So why do we wear gloves when working out if they cause that much of a ‘feeling’ disadvantage in our everyday life?
Gloves can protect our delicate, beautiful hands against wear and tear. When we lift or pull heavy loads our mitts can take quit the beating. Having gloves can prevent some callusing, but not all. Gloves can also give us a better grip on some exercises, such as pulling motions (pull ups, deadlifts, etc), where grip is extremely important. Gloves can definitely make a person feel more secure when they are lifting weight.
I, like most, do not like feeling as though I’m about to rip fabric if I glide my paws on it. But I, on the other [manly, construction-working] hand, do not wear weight-lifting gloves, even though it is tempting to keep my hands smooth and supple.
“Oh no! You’re falling off a cliff?? Hold on, let me put on my gloves!”
“Ah! Get off me, man! Fine, I will fight you off. Just wait a sec so I can put my extreme-gripping gloves on.”
“I’m moving into a new home and this item is slipping quickly out of my hands! GET THE GLOVES!”

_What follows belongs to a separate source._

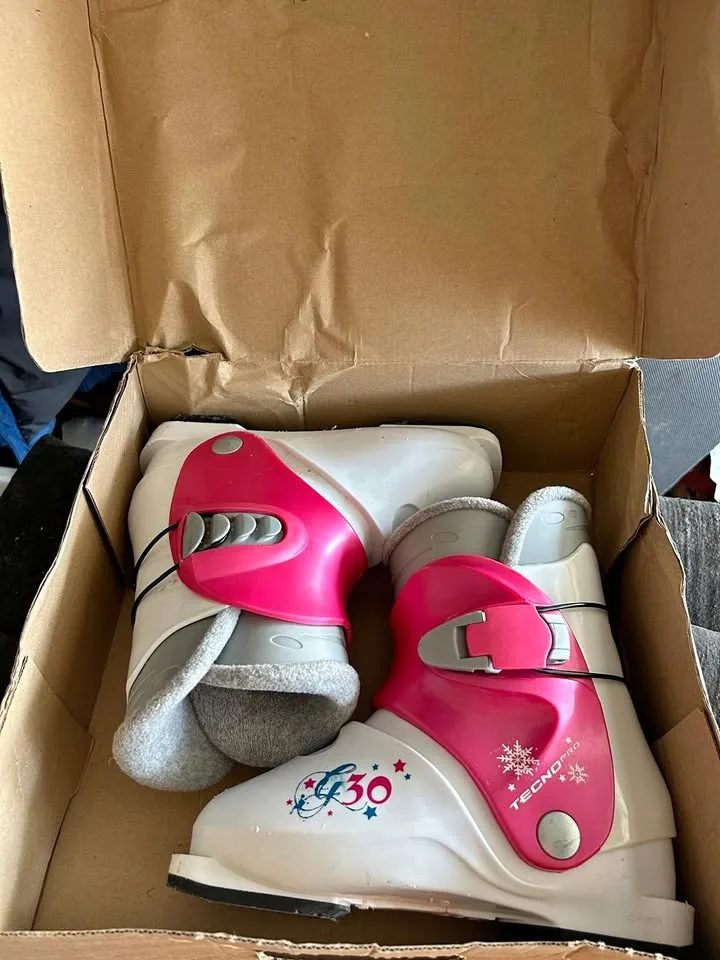Kids Ski Boots – TecnoPro G30 (EUR 32 / Mondo 20.5) thumbnail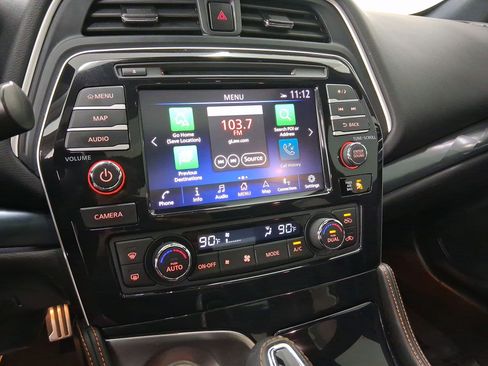 Used 2022 Nissan Maxima SR w/ Sport Mat Group image 19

Are you really going to be prepared for when life calls upon the moments that you need intense gripping for? Such as when you need to help pull a friend, fight off an assailant, move things, change a tire, hold the slippery dinner plate, etc. Wearing weight-lifting gloves can put you at a huge disadvantage because you are not TRULY strengthening your grip; you have supplementary help to lift loads. And maybe it’s because I was always a raging independent child growing up, but I feel a bit more accomplished when doing something all by myself then without the help of something else.

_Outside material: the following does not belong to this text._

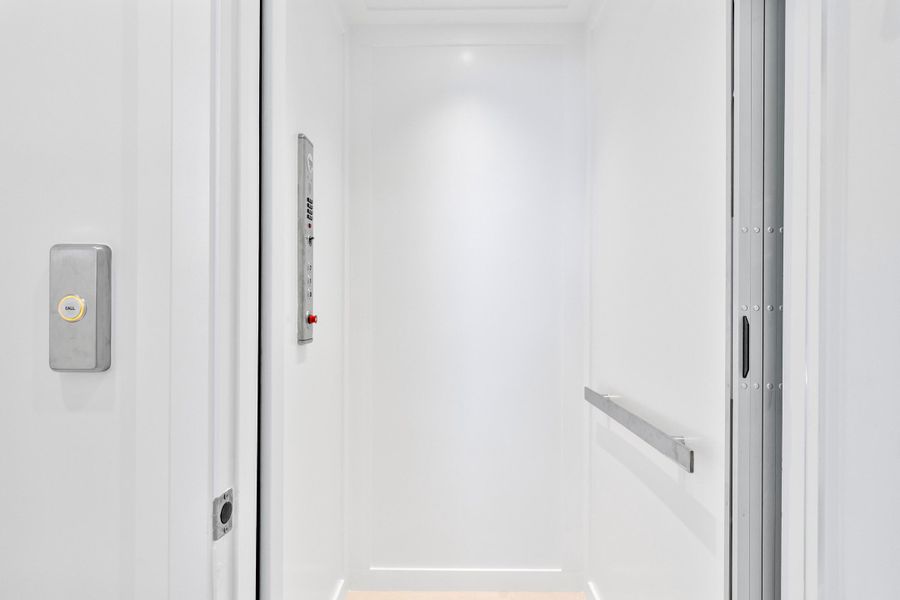 077-420 Barbarossa Ave_077 077-420 Barbarossa Ave_077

Gloves are a personal choice and I can totally understand if someone wears gloves because they are needed for some specific reason. If you are getting extremely bad, large, painful, or torn calluses, you may not be gripping the equipment correctly and I suggest you ask one of the trainers for help.

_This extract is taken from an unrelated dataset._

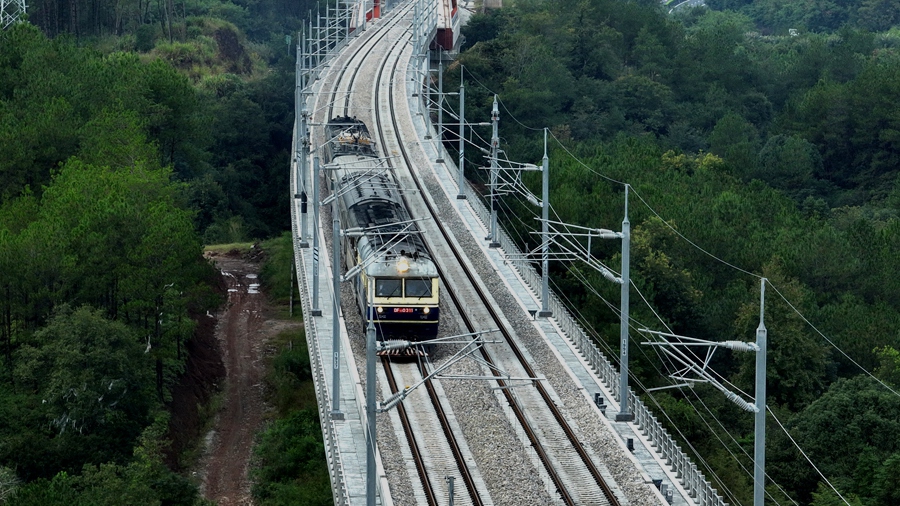 龍龍高鐵福建段預計今年年底具備開通運營條件。傅藝鵬攝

To take care of your mangly mitts, I suggest using a pumice stone in the shower or after soaking your hands for a while. I also use my PedEgg on my hand calluses to get rid of some bad ones too, although it is quite hard to do because of the shape of the apparatus and of your hands.
All in all, a callus isn’t going to hurt you; it’s there to protect you. Gloves can decrease your grip proprioception (your sense of position) to your environment and your actual strength. So leave the gloves at home for your next rollerblading excursion, head to the gym, and get a grip on those weights!